We certainly don’t have all the answers, but here are some of the things that have worked for us.
Company Surveys Are Your Friends!
Before implementing work-from-home policies, it is important to first hear from your team members, and the best way to do this is through surveys. If employees are juggling childcare/homeschool and work, consider allowing for flexible work hours. Some employees may be living with multiple housemates and having to conduct hours of Zoom meetings in their shared space may result in more frustration than productivity. Getting feedback on your employees’ individual concerns allows you, the employer, to craft an inclusive plan that reflects what your company actually needs. Our best advice is to ask plenty of questions to get a feel for what challenges your employees are facing now that they are working from home and what company culture aspects they want to continue while remote.
Communicate Often and Embrace the Opportunity for ‘Face Time’!
It may seem like a simple concept, but now that your team is no longer in the office information may have a harder time reaching everyone. Dedicating 30 minutes a week to a call for quarantine and remote work topics will let your employees stay connected. This standup can be thought of as a conversation starter and a time to be social.
Think about requesting all employees to turn on their web cameras during this recurring meeting. Cameras on for meetings may not be feasible for everyone at all times — but once-a-week could be. Think of it as an ice breaker to start a conversation and make connections between employees more natural.
Keep your Activities Going Remotely!
Lastly, take your fun company events virtual. Many companies have a set of fun activities that everyone enjoys, so find a way to incorporate those into your remote work plan. These more casual activities will add to the ways your employees have to connect and chat with one another. Whether it is a Friday happy hour, a monthly company bingo, a photo scavenger hunt, or charity projects, they can all be continued virtually to make sure that the aspects people appreciated about work are still present.
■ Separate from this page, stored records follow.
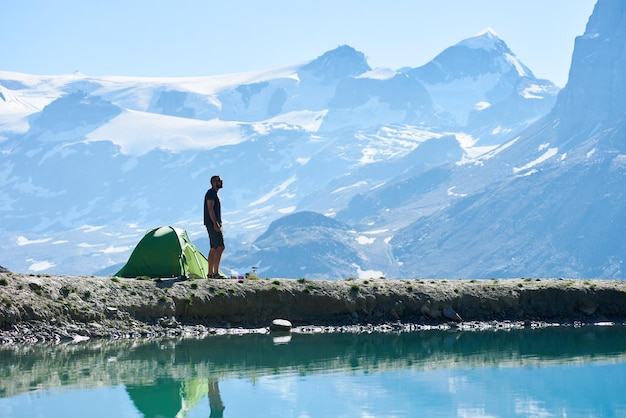 Hombre disfrutando del paisaje de las montañas cerca de la tienda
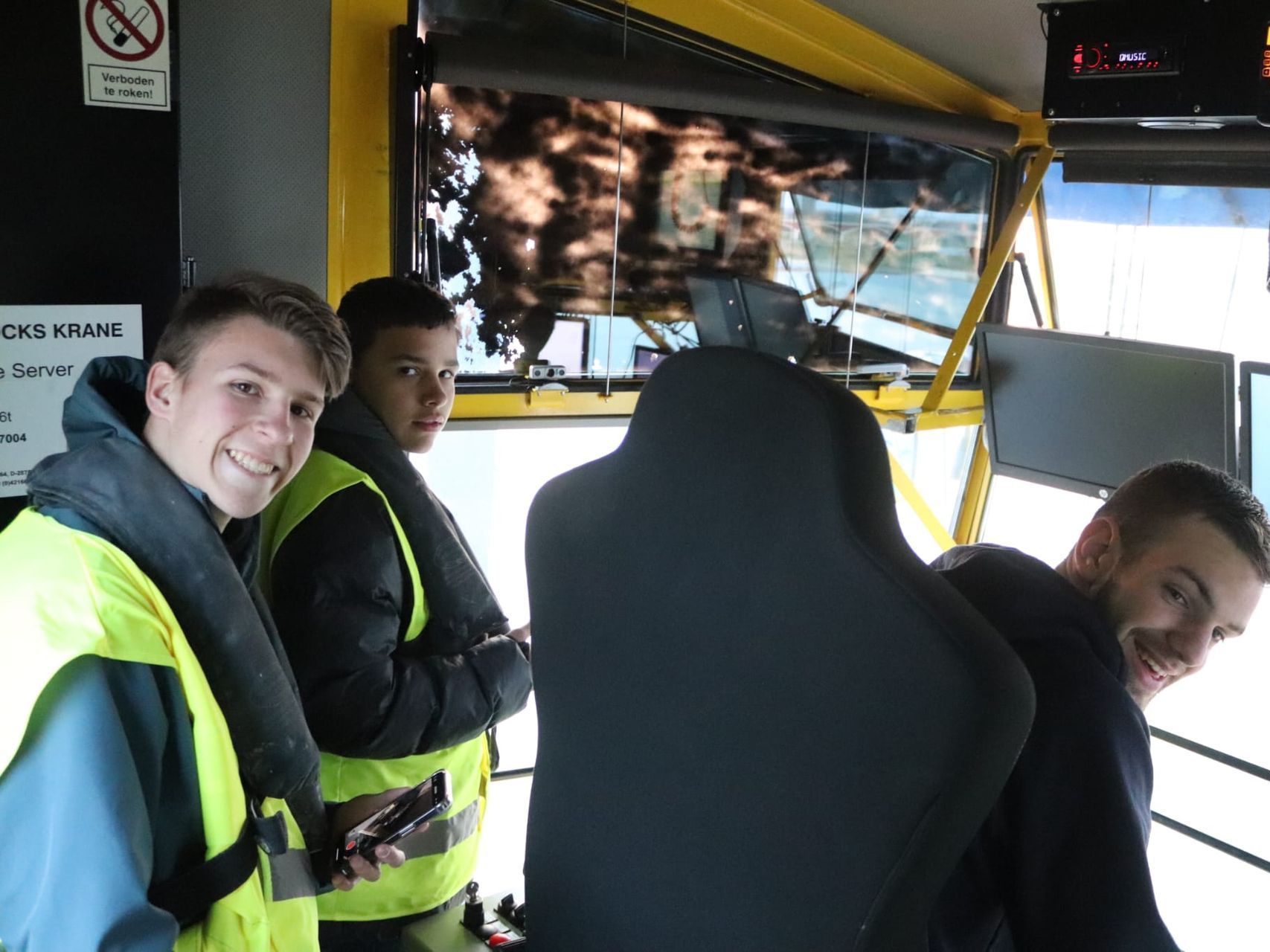 Een groep jonge mannen met gele hesjes staat in een bus.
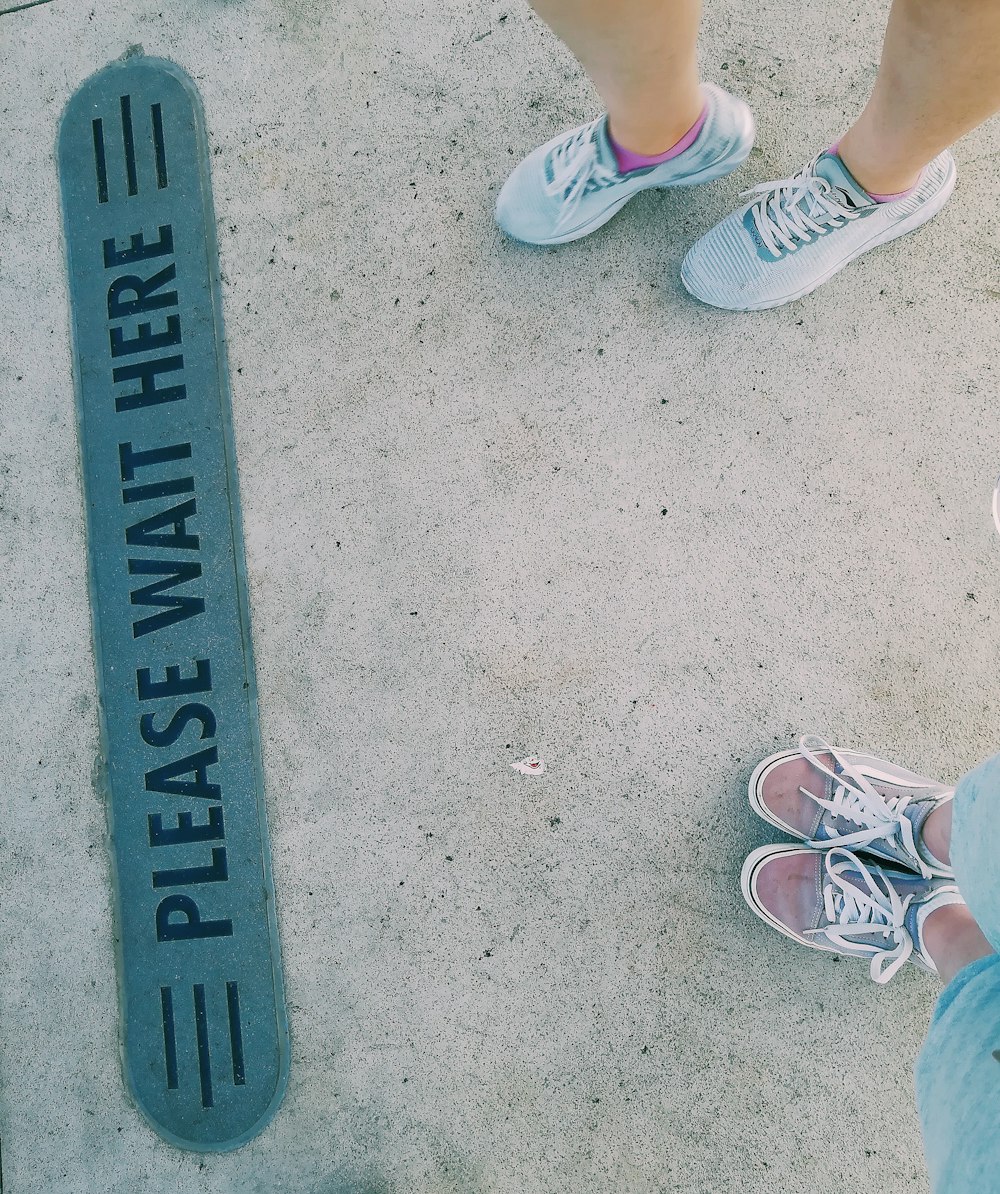 two person standing near the Please Wait Here signage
Just make sure not to overwhelm your team with multiple activities a week, making them too frequently may lead to diminished participation.
If transitioning your team’s previous activities to a virtual event proves to be difficult, try and designate an individual or a company email for company activity suggestions. This way employees have a way to provide ideas and input that may re-shape or improve your new remote culture.
At the end of the day, company culture and core values don’t have to disappear now that your team is remote, and while you may make mistakes along the way, the main takeaway is to include your team in the conversation. Make sure to listen to suggestions and continuously make adjustments that will improve your strategy.